## Recorded data
************

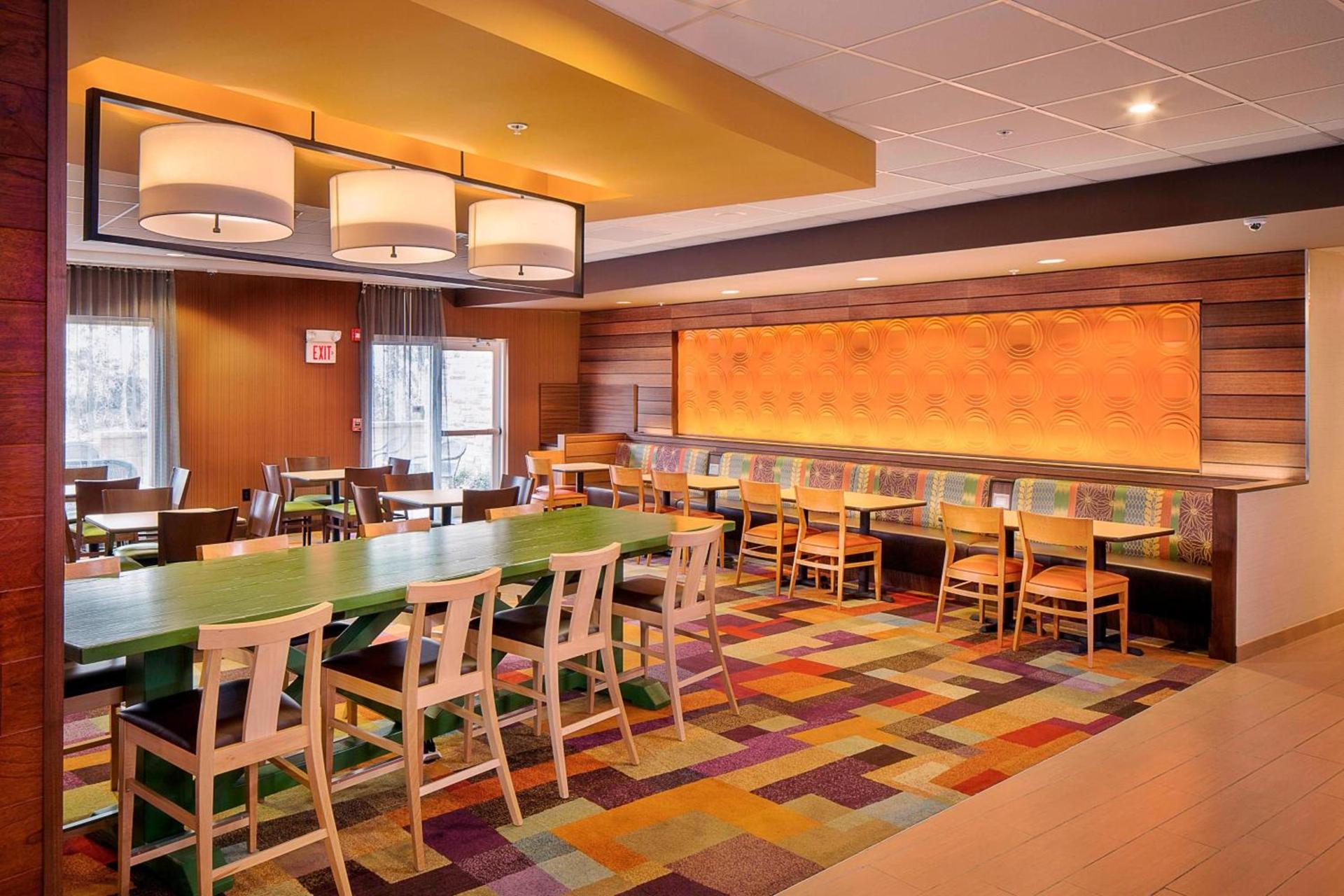 Fairfield Inn and Suites by Marriott Monaca photo 15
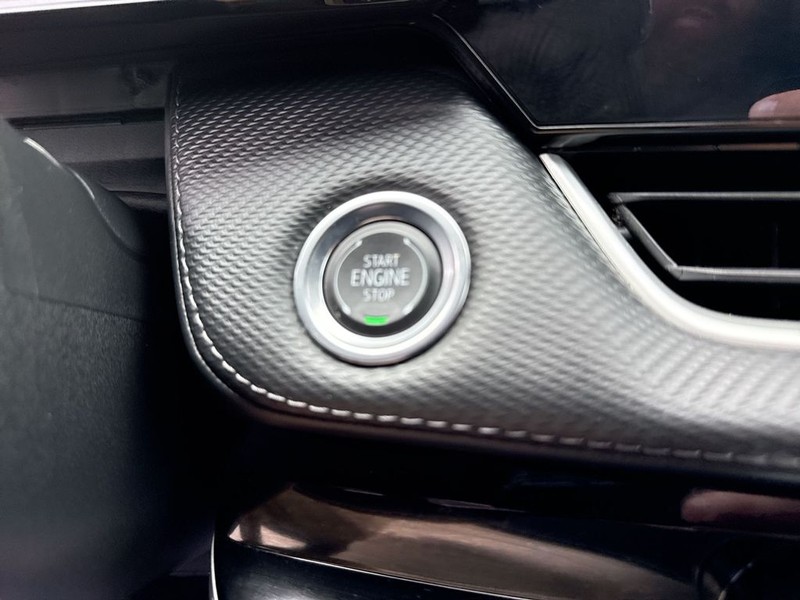 Chevrolet Equinox Vehicle Full-screen Gallery Image 23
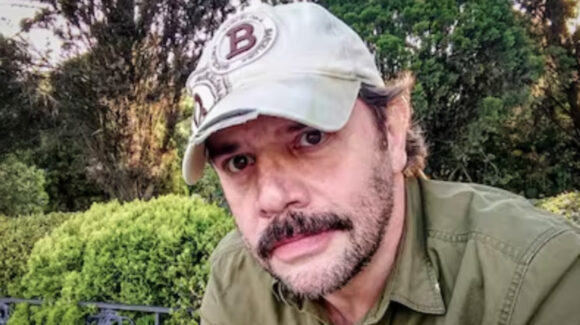 ¿Héctor Parra sale del clóset? Revelan que el exactor de Televisa tiene romance con compañero de celda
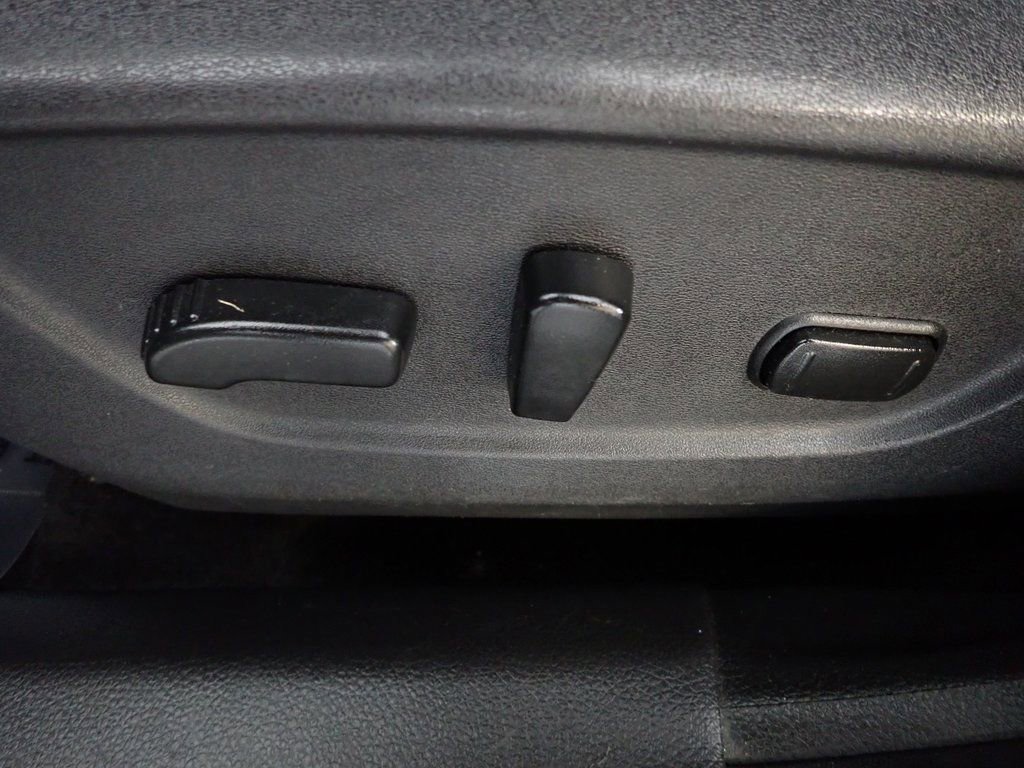 Used 2020 Nissan Rogue SV image 25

************

## Assigned task
Set down all of the data word for word; no pictures belong in it.

## Answer section
 Fairfield Inn and Suites by Marriott Monaca photo 15
 Chevrolet Equinox Vehicle Full-screen Gallery Image 23
 ¿Héctor Parra sale del clóset? Revelan que el exactor de Televisa tiene romance con compañero de celda
 Used 2020 Nissan Rogue SV image 25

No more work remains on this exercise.